Pour Martine, son premier sentiment, c'est le manque de moyens qui domine, ainsi qu'un énorme "cafouillage" et une justice qui n'est pas rendu "à sa juste valeur".

Témoignage Féminicide

“J'ai été torturée, enfermée, ligotée, frappée” : édifiant témoignage (lien) et mobilisation de tous pour que cela cesse.

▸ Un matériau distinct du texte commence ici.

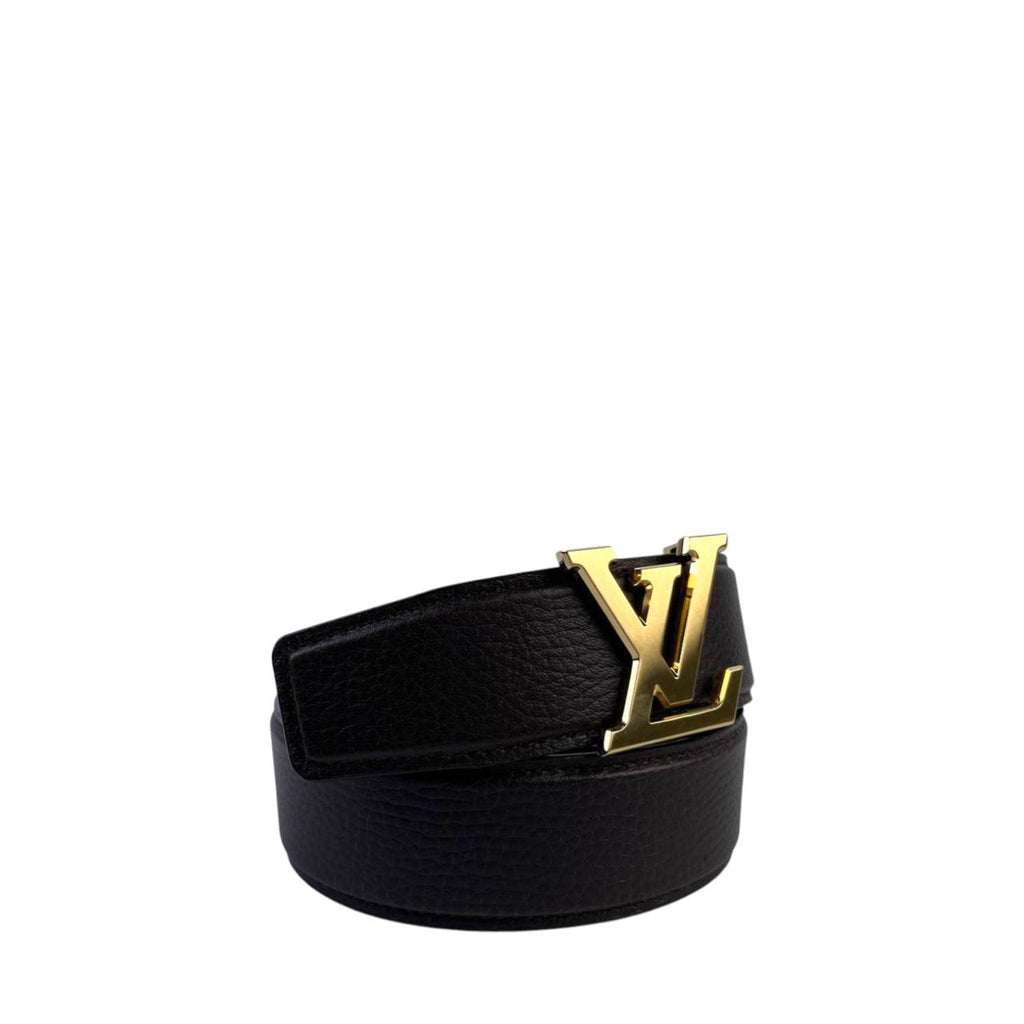 LV Belt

Aller + loin ? https://france3-regions.francetvinfo.fr/provence-alpes-cote-d-azur/bouches-du-rhone/marseille/marseille-femmes-disent-stop-aux-violences-conjugales-temoignent-1717321.html

Publiée par France 3 Provence-Alpes sur Mardi 3 septembre 2019

Un "Grenelle" des violences conjugales

Le gouvernement a lancé le 3 septembre à Matignon, en présence de familles de victimes, un "Grenelle" des violences conjugales, dont les associations espèrent qu'il débouchera sur un "plan Marshall" pour enrayer un phénomène ayant déjà fait plus de 100 mortes depuis le début de l'année.

Le Premier ministre, Édouard Philippe, doit annoncer "de premières mesures d'urgence pour renforcer la protection des victimes", ont annoncé ses services. "Des mesures supplémentaires concertées de manière collective arriveront plus tard".

Les associations féministes souhaitent que l'événement débouche sur un plan doté d'"au moins" 500 millions, voire un milliard d'euros, loin des 79 millions d'euros de crédits spécifiquement alloués à cette lutte, selon une étude menée par cinq organisations.